Eski Antlaşma dönemindeki kilise, Yeni Antlaşma dönemi kilisesi için bir simgeydi. İsrailliler esaretten Rab ile temas kurmadan kurtuldular ve bu nedenle Rab’bin Egemenliğinde yaşamak için gerekli olan temel kuralları öğrenmeleri gerekliydi. Musa onlara Rab’bi ve komşularını sevmeyi öğretmişti, yanlış şeyler yapmalarını yasaklamıştı ve tek gerçek Tanrıya tapmalarını öğütlemişti. Ayrıca onları bu bilgileri gelecek kuşaklara aktarmaları için yönlendirmişti (Yasa’nın Tekrarı 6:6-7). Gidecekleri yerde her şey yeni olmalıydı.
Karanlığın egemenliğinden kurtarılıp Rab’bin egemenliğine getirildik (Koloseliler 1:13). Bu nedenle başkalarıyla ilişkilerimize dikkat etmeliyiz. Eşimiz, düşmanlarımız, dostlarımız ve en önemlisi de En Yüce Olan Rab ile ilişkilerimizde dikkatli olmalıyız. Yaşadığımız ruhsal dünyaya dinlerden hiçbir şey getirmemeliyiz. Burada her şey yenidir ve her şeyi Kutsal Yazılarda belirtildiği şekilde yapmalıyız.

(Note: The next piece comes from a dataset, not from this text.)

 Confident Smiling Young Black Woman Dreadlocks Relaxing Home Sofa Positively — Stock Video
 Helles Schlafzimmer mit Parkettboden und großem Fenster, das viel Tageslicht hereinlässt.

Şu anda yaşadığımız yer ile iman etmeden önce yaşadığımız yer arasında bir fark vardır. Burada, Rab’bin sevgili Oğlu’nun egemenliğindeki en önemli fark, işleri kendi gücümüze güvenerek yapmayışımızdır. Bunu yerine Rab’be güveniriz. Kim Baba’ya gerçekten inanır ve Kutsal Kitapta bildirilen buyrukları yerine getirerek yanlışlardan uzak durursa, onlar Rab’bi hoşnut ederler.
Ama kendilerini Hristiyanlık dünyasının üyeleri olarak gören insanları etkileyen kötü bir salgın vardır. Onlar Rab’den korkmayı, yani O’na saygı göstermeyi bilmezler. Çünkü Kutsal Kitabın öğrettiklerini öğrenmek ve yerine getirmek için uğraşmazlar. Bu talimatların üzerinde çalışılması ve onlara uyulması gerekir. Kim bu şekilde davranır ve Rab’be saygı gösterirse sağlık, esenlik, zenginlik ve diğer bereketlere sahip olur.

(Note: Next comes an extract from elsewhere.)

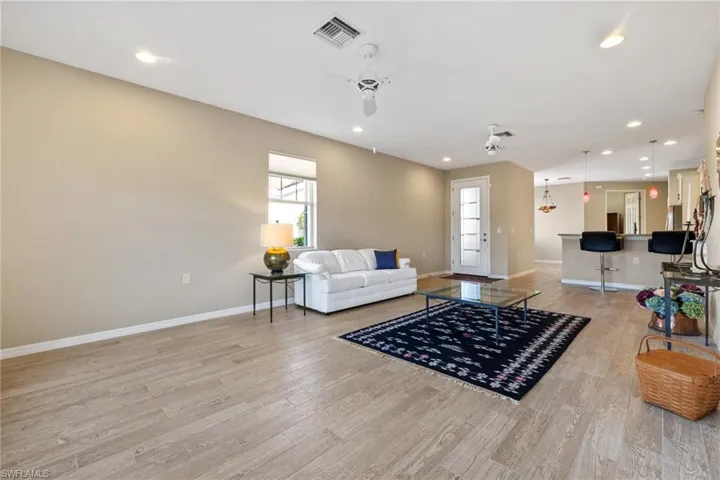 Living room with ceiling fan and light wood-type flooring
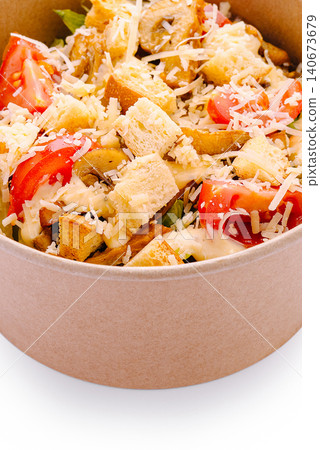 Caesar salad with croutons, cheese, and chicken in takeaway bowl Caesar salad with croutons, cheese, and chicken in takeaway bowl 140673679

Rab’bin kuralları ve buyrukları yerine getirmesi zor şeyler değildir. Kim onları bilmek ve uygulamak isterse görecektir ki İsa’nın boyunduruğunu taşımak kolaydır ve O’nun yükü hafiftir (Matta 11:30). Bu nedenle bu buyrukların üzerinde düşünün ve onları öğrenmeye çalışın. Bunu yaparak ömrünüz uzayacaktır.